According to Christophe Sandoz, head of delegation at the ICRC, the evacuees between one month and 15 years old spent incredibly difficult moments in an area where the conflict has been raging for weeks without proper access to health care, especially for children with special needs.

“Some of the evacuated children suffer from mental health conditions that could be exacerbated by the stressful conflict environment they were living in,” Sandoz said.

Ammar Ammar, the regional communications chief of the United Nations Children’s Fund (UNICEF), said that a number of children had died from various illnesses at the orphanage before the evacuation.

‘We confirm the deaths, but we cannot provide a specific number; the deaths were caused by fever and dehydration as well as malnutrition,” said Ammar.

According to UNICEF, more than 13.6 million children in the country are in need of humanitarian assistance to survive. Half of that number is suffering from acute malnutrition, and half of them may die if not helped.

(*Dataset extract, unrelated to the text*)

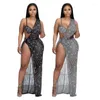 Casual Dresses 2024 Luxury Designer Young Sexy Club Open Diamonds Full Sleeve One Off Shoulder Women High Waist Long Spit Dress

Since the fighting began in mid-April, more than 1800 people have been killed, according to the armed conflict location and event data project.

Fighting broke out in Sudan in mid-April, between the army and Chief Abdel Fattah al-Burhan and his former deputy Mohamed Hamdan Daglo, also known as Hemeti, who commands the paramilitary Rapid Support Forces (RSF). Most of the fighting has been around the capital; however, violence has spread to other parts of the country.